Datacast

Episode 75: Commoditizing Data Integration Pipelines with Michel Tricot

Episode Summary

Michel Tricot has been working in data engineering for 15 years. Originally from France, Michel came to the US in 2011 to join a small startup named LiveRamp. As the company grew, he became the Head of Integrations and Director of Engineering, where his team built and scaled over 1,000 data ingestion and distribution connectors to replicate hundreds of TB worth of data every day. After LiveRamp’s acquisition and later IPO (NYSE:RAMP), he wanted to return to an early-stage startup. So he joined rideOS as Director of Engineering, again deep in data engineering. While there, he realized that companies were always trying to solve the same problem repeatedly, which should be solved once and for all.
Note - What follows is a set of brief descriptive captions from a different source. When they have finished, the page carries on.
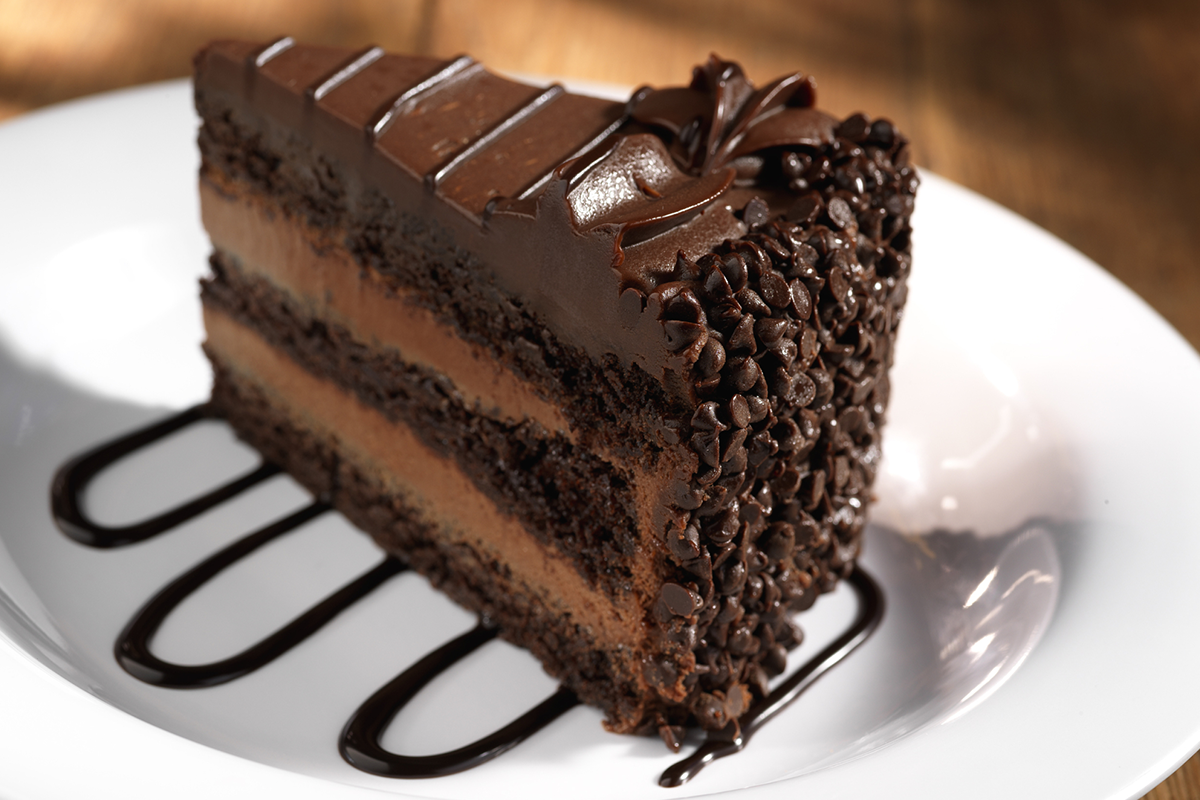 Order Chocolate Mousse Cake food online from Hootie Bait & Tackle store, Ontario on bringmethat.com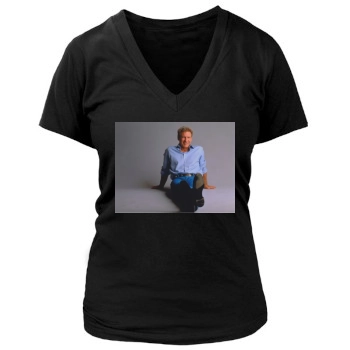 Harrison Ford Women's Deep V-Neck TShirt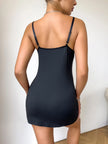 Lace Deep-V Sleep Dress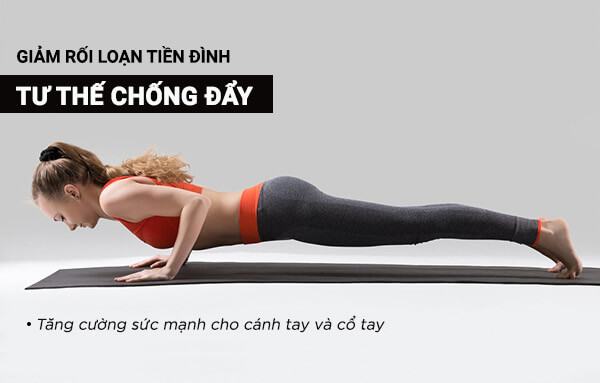 Tư thế yoga chống đẩy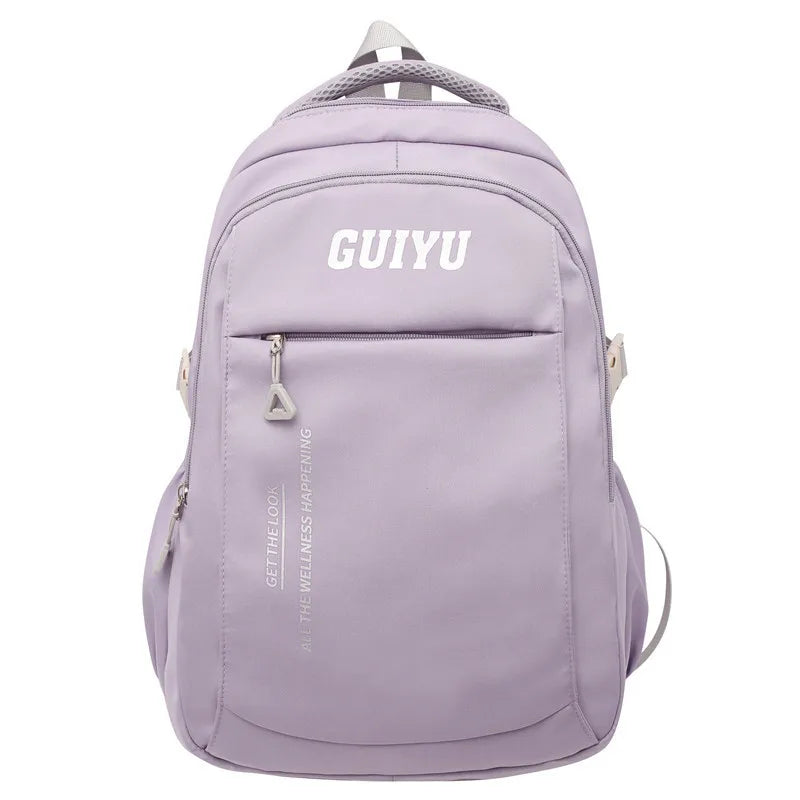 Fengdong junior high school backpack student simple backpack campus shoulder bag school bags for teenage girls large schoolbag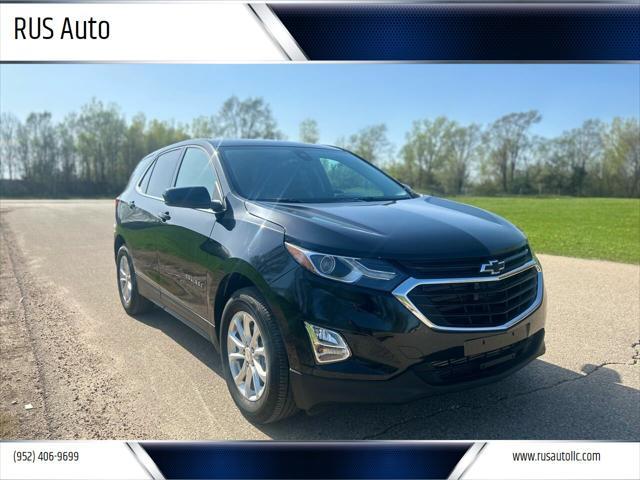 used 2020 Chevrolet Equinox car, priced at $16,499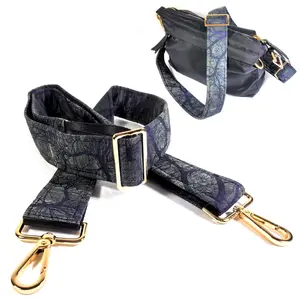 Night Tree Guitar Style Bag Strap - Tree Silhouette Guitar Style Bag Strap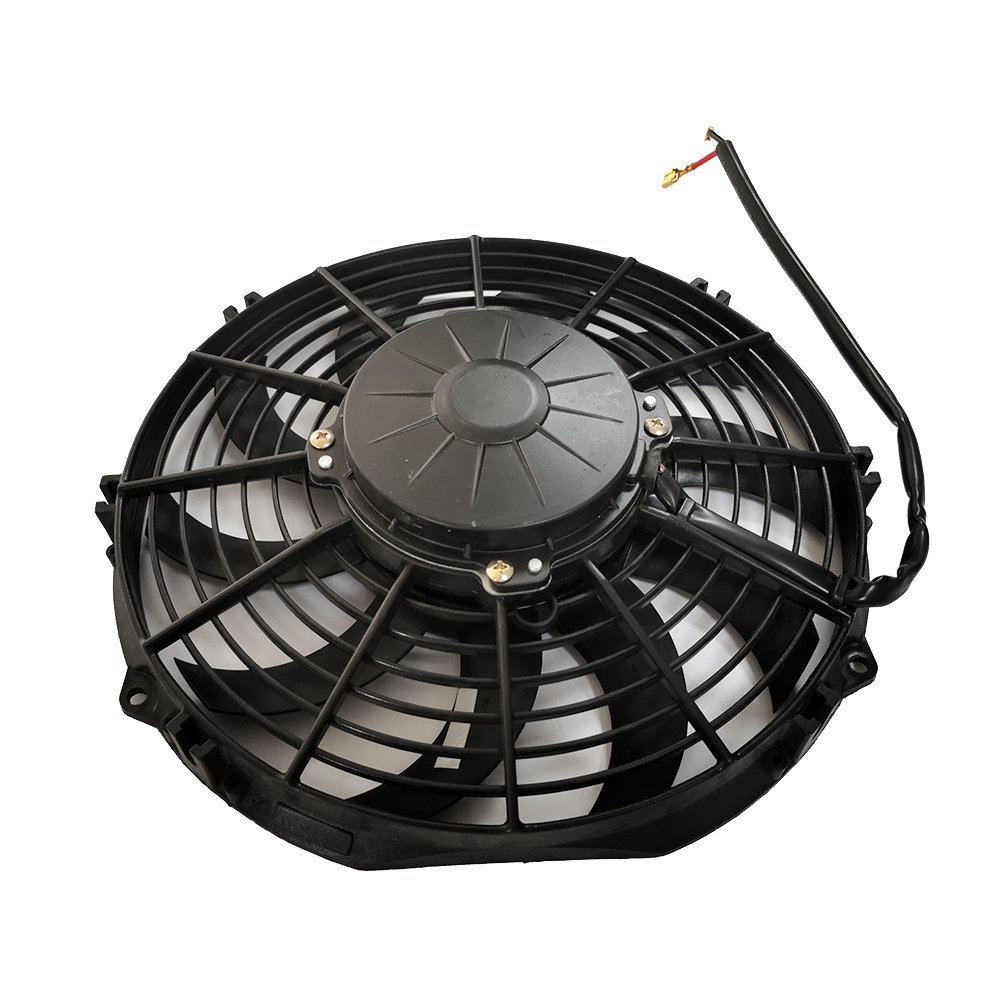 Wholesale 283 mm Bus air Conditioner Condenser Cooling Fan Spal Electric Radiator Fan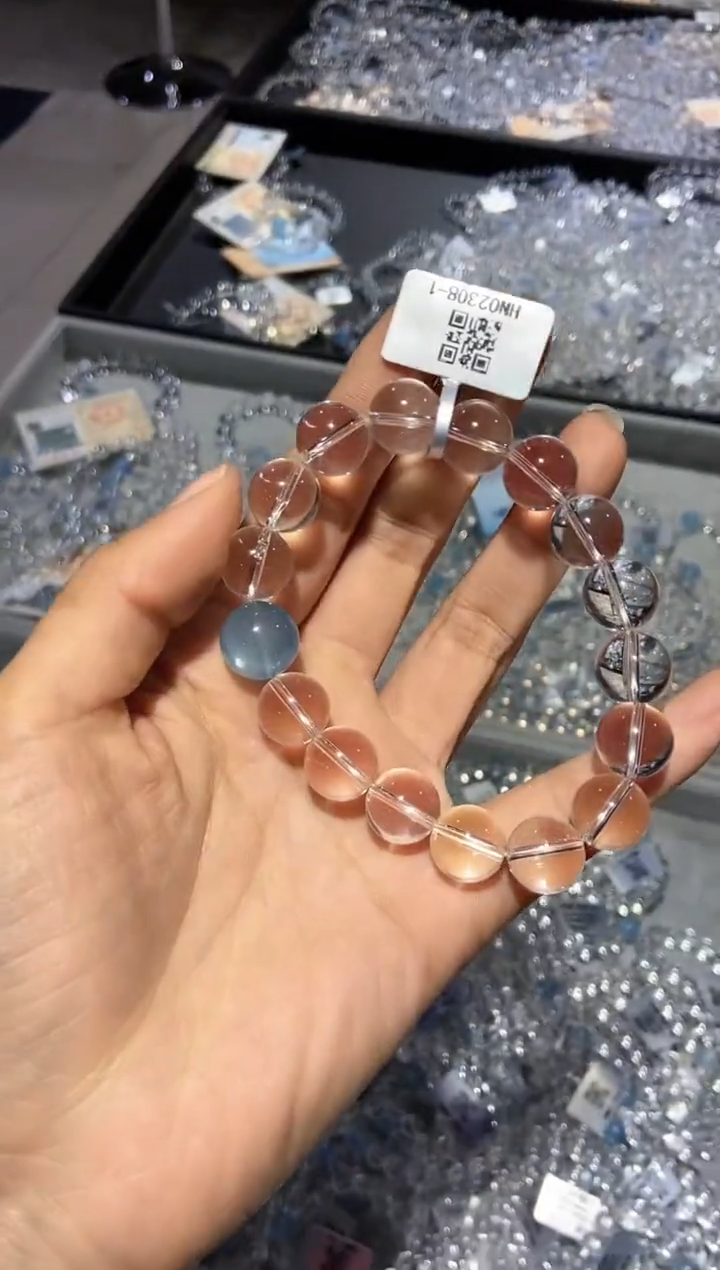 【闪购商品】水晶手串未镶嵌手串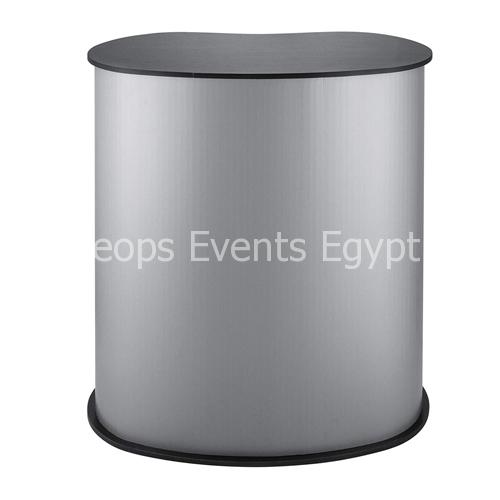 PORTABLE COUNTER - CURVED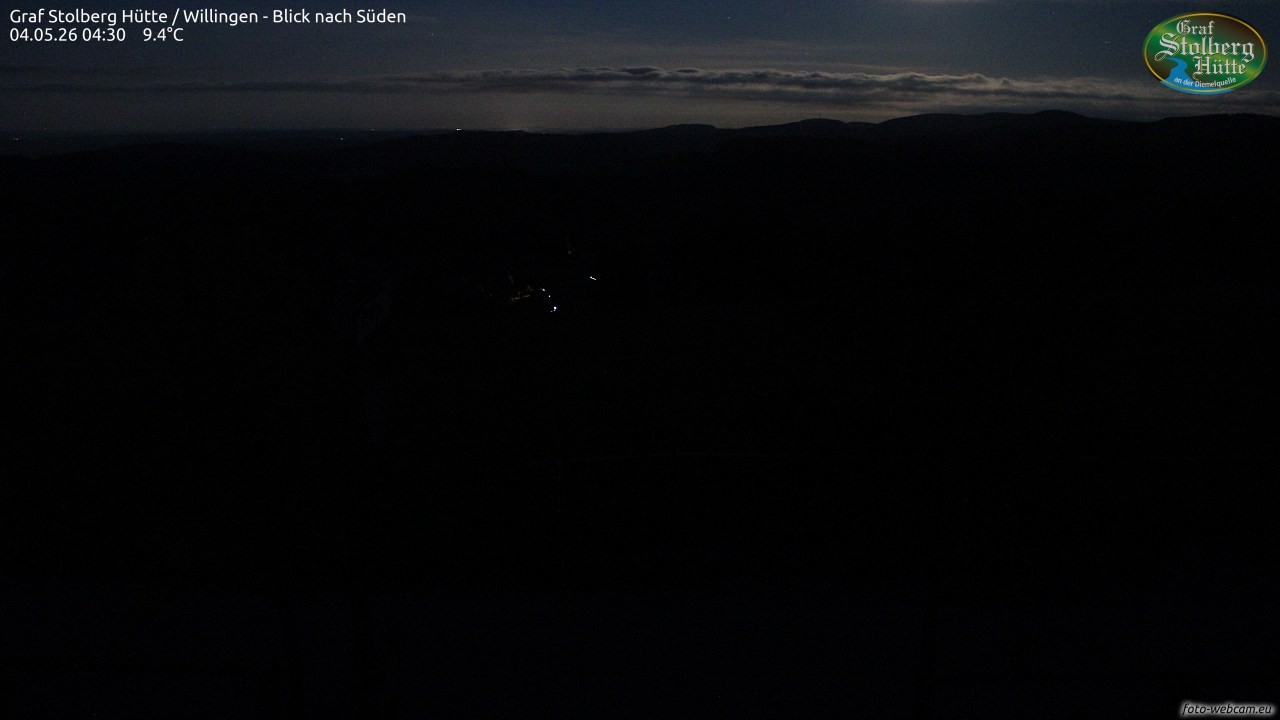 Archiv Foto Webcam Willingen: Graf Stolberg Hütte bei Usseln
This was when he decided to start a new company, and Airbyte was born.

Episode Notes

Timestamps

(01:58) Michel went over his education studying at EPITA — School of Engineering and Computer Science in France.
(03:50) Michel mentioned his first US internship at Siemens Corporate Research as an R&D engineer.
(05:48) Michel discussed the unique challenges of building systems to handle financial data through his engineering experience at FactSet Research Systems and Murex.
(07:48) Michel talked about his move to San Francisco to work as a Senior Software Engineer at Rapleaf, focusing on scaling up data integration and data management pipelines.
(10:40) Michel unpacked his work building the modern data stack at LiveRamp.
(16:18) Michel shared valuable leadership and hiring lessons absorbed during his time as Liveramp’s Head of Data Integrations — fostering a strong culture of innovation and expanding the engineering organization significantly.
(19:03) Michel dived into how to interview engineering talent for independence, autonomy, and communication.
(20:56) Michel dissected the engineering architecture of the rideOS ride-hail platform (where he was a founding member and director of engineering).
(26:03) Michel told the founding story of Airbyte, whose mission is to make data integration pipelines a commodity (+ the pivot that happened during Airbyte’s time at Y Combinator).
(32:10) Michel explained the paint points with existing data integration practices and the vision that Airbyte is moving towards.
(35:07) Michel unpacked the analogy of Airbyte’s approach to building a connector manufacturing plant, which is to think in onion layers.
(39:13) Michel shared the challenges that are still hard for an open-source solution to address (Read his list of challenges that open-source and commercial software face to solve the data integration problem).
(40:28) Michel discussed how to prioritize product roadmap while developing an open-source project.
(41:59) Michel discussed pricing strategies for open-source projects (Airbyte’s business models entail both self-hosted and hosted solutions).
(44:17) Michel revealed the hurdles that Airbyte has overcome to find the early committers for their open-source project.
(47:53) Michel shared valuable hiring lessons learned at Airbyte.
(50:16) Michel shared fundraising advice for founders seeking the right investors for their startups.
(52:41) Closing segment.

Michel’s Contact Info

Mentioned Content

Airbyte (Docs | Community | GitHub | Twitter | LinkedIn)

Blog Posts

“The Hard Things About Pivoting” (July 2020)
“How Can We Commoditize Data Integration Pipelines” (Sep 2020)
“How to Build Thousands of Connectors” (Oct 2020)
“The Deck We Used to Raise Our Seed with Accel in 13 Days” (March 2021)

People

Jeremy Litz (Former CTO and Co-Founder of LiveRamp)
Tristan Handy (CEO of dbtLabs and Editor of the Analytics Engineering Newsletter)

Book

“High-Growth Handbook” (by Elad Gil)

Notes

My conversation with Michel was recorded back in April 2021. Since the podcast was recorded, a lot has happened at Airbyte! I'd recommend:

Looking over the deck that they used to raise a $26M Series A led by Benchmark.
Reading Michel's take on Airbyte's new OSS model and strategy to commoditize all data integration.
Diving into Airbyte Cloud, a hosted service that takes all of the features of the open-source version and adds hosting and management, on top of a number of additional support options and enterprise features.
Subscribing to Airbyte's newsletter called Weekly Bytes and exploring Airbyte Recipes.

About the show

Datacast features long-form, in-depth conversations with practitioners and researchers in the data community to walk through their professional journeys and unpack the lessons learned along the way. I invite guests coming from a wide range of career paths — from scientists and analysts to founders and investors — to analyze the case for using data in the real world and extract their mental models (“the WHY and the HOW”) behind their pursuits. Hopefully, these conversations can serve as valuable tools for early-stage data professionals as they navigate their own careers in the exciting data universe.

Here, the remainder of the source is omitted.